INSTRUCTIONS FOR THE TASK — From the records below, output exactly the lines starting at the line with "Brody 1vs4☠️Brody best" and ending at the line with "Kotouč diamantový brusný", both of them included, but no pictures.

STORED DATA —
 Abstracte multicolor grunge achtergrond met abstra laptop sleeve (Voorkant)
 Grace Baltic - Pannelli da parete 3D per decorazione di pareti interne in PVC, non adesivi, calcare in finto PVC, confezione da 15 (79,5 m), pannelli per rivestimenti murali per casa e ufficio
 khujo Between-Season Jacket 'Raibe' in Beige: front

--

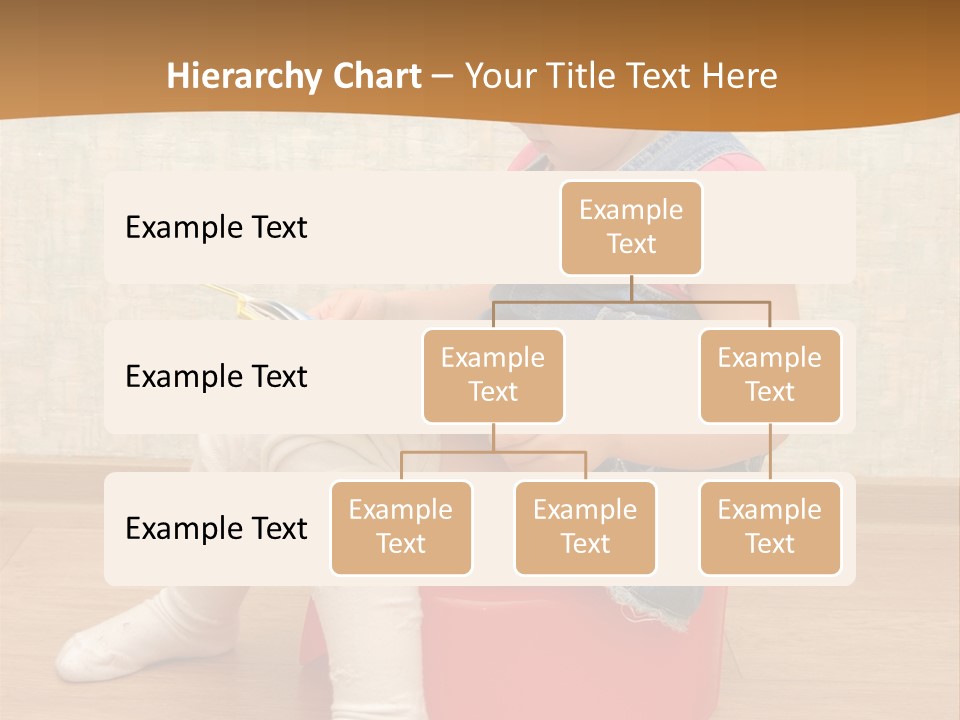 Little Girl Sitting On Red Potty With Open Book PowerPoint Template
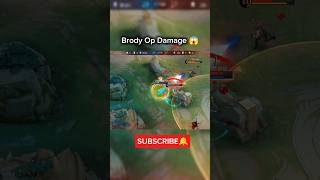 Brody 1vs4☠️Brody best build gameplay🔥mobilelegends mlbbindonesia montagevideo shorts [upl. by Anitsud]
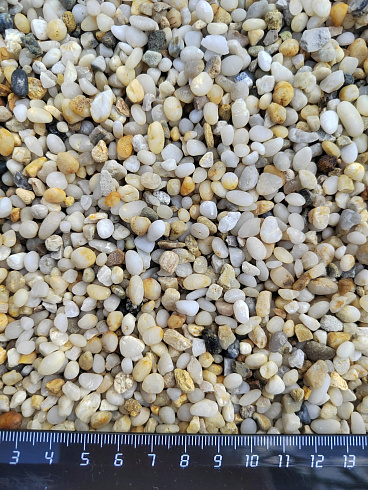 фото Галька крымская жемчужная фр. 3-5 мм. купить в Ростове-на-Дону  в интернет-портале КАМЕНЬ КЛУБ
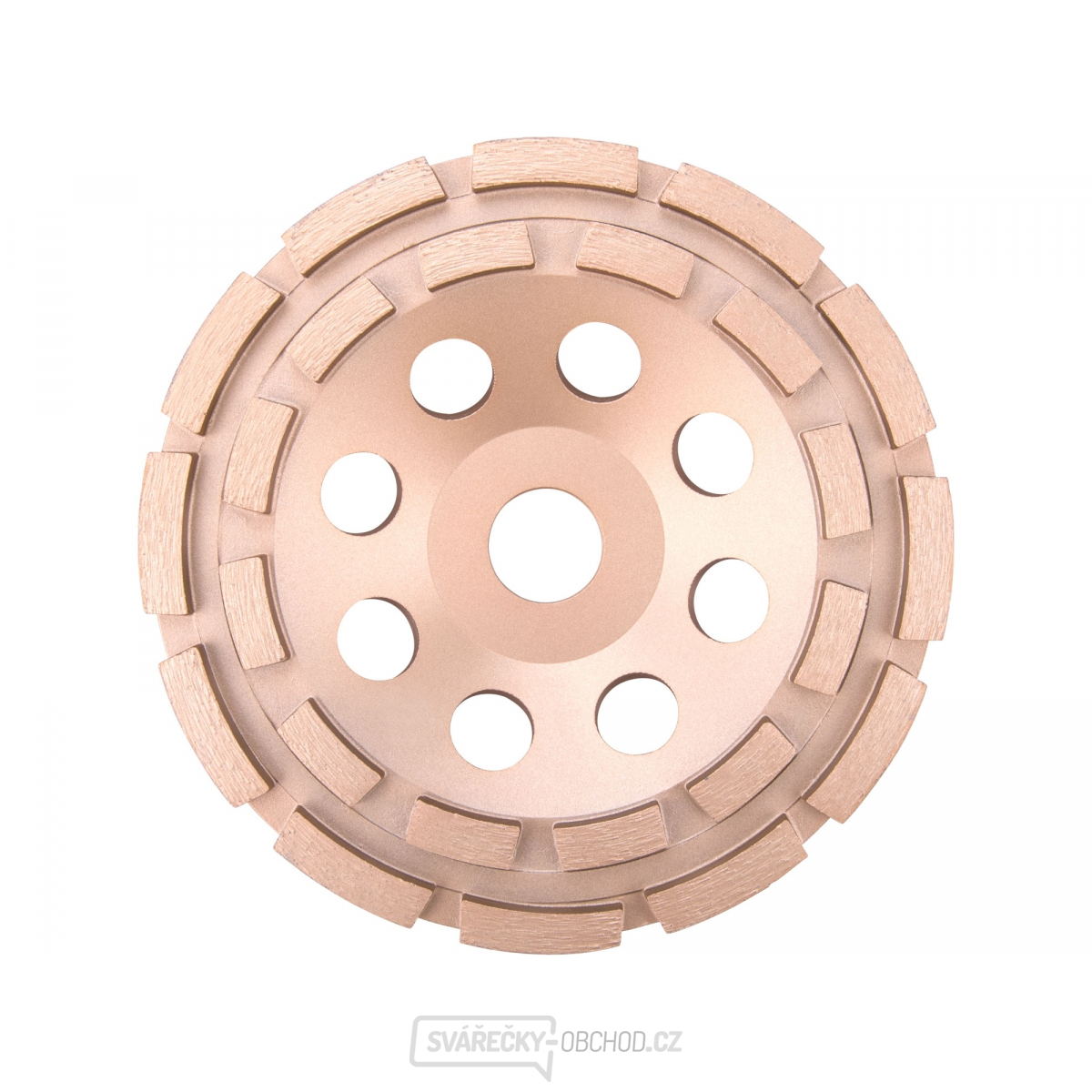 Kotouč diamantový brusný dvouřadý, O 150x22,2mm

RESPONSE AREA —
 Brody 1vs4☠️Brody best build gameplay🔥mobilelegends mlbbindonesia montagevideo shorts [upl. by Anitsud]
 фото Галька крымская жемчужная фр. 3-5 мм. купить в Ростове-на-Дону  в интернет-портале КАМЕНЬ КЛУБ
 Kotouč diamantový brusný dvouřadý, O 150x22,2mm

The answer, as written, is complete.